It is all exciting and full of potential and has the power to become much more than the sum of its parts.

And still the numbers loom in my mind. Twenty-two years. No coal at all. Anywhere. Seven years to end deforestation.

And I wonder, do those folks ringing the church bells and running the petition drives and tinkering with their new PV installations feel like I do, excited by the real change happening, but feeling in the quieter moments between the actions and the events, that they are not quite being fully used? Feeling as though, this big truth they have seen and understood about twenty-two years to contribute to a global transformation is calling forth something from them that has not yet found its channel?

I would guess that most of you know what I am talking about. I would guess that you are feeling some version of this within yourselves and that that is why you are here tonight, some sense of courage gathering, of a new willingness to trust your own intuition that things are not right and that significant change is needed, some sort of energy, looking for an outlet, some willingness, maybe a lot of it, to keep doing the important things you are doing while also stepping forward into something new.
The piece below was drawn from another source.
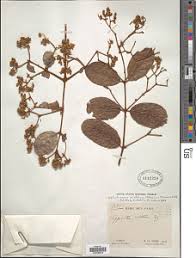 Image result for Hippocratea apocynoides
Something big.

If you are at all like me, the intensity of what is stirring within you may be a bit surprising. It may be more than a little disorienting. Who am I - a middle-aged woman with children who need me, a house to keep, a farm I share the work of, a community that needs my participation - to be feeling like a warrior searching around for the battle? Who am I - trained as a scientist to value poise and objectivity - to feel the rising urge to create a ruckus and demonstrate in some way how much this matters, how much I love my kids and their future, how much I want us to address this challenge of climate change in way that is fair and just for our whole society?

Who am I, who are you, to think we have a role to play in ending the burning of coal around the world by 2030?

But who are we not to? I may not look like society's stereotype of the radical, but I'm feeling - like mothers do around the world and in every species - the pull to act to protect that which has been entrusted into my care. I'm sure I'm not alone in feeling that pull, and I know you do not have to be a parent to feel that pull. I know I am not alone in my commitment to the possibility of the society we could create if we trusted that pull, if we gave ourselves over to it.

Everything we are doing matters, and needs to keep going. The communities we are building, the farms and coops and bike lanes and community gardens and wind turbines and ballot initiatives and legislative lobbying. All of it.

But I feel within myself the need for something else, something different. I realized this most starkly on the day a few weeks ago, when the Climate Security Act was defeated in the Senate. That bill wouldn't have been enough to bring us safely to 350 ppm, but it was a small step in that direction.

Few of the things I love and care about showed up in the debate that killed that possibility, and the reality of twenty-two years to wean ourselves from coal didn't show up, either. Yet national legislation sets the rules of the game that will determine the degree and the timetable for limiting fossil fuels and sparking the collective investment in a clean, fair, renewable energy system.

There are two pieces of a puzzle, sitting here right in front of our eyes, waiting to be hitched together.

The first puzzle piece is the deep personal need I feel, and which many, many others must feel, to do something that feels stronger than one more workshop conducted in a calm and reasonable manner, something more than one more step towards energy efficiency in my own life.

Don't misunderstand me, I'll keep giving the workshops and working on my personal carbon footprint. But I'm looking for that other mode of action, the one that is bold enough and brave enough to honor my level of concern and my conviction that a much better future is possible if only we'd get down to the collective work of it. I'm looking for ways to act that acknowledge the shortness of time and the failure of polite requests to impact the laws that are being written or the public investments that are being made. I'm looking for some action consistent with the depth of my caring.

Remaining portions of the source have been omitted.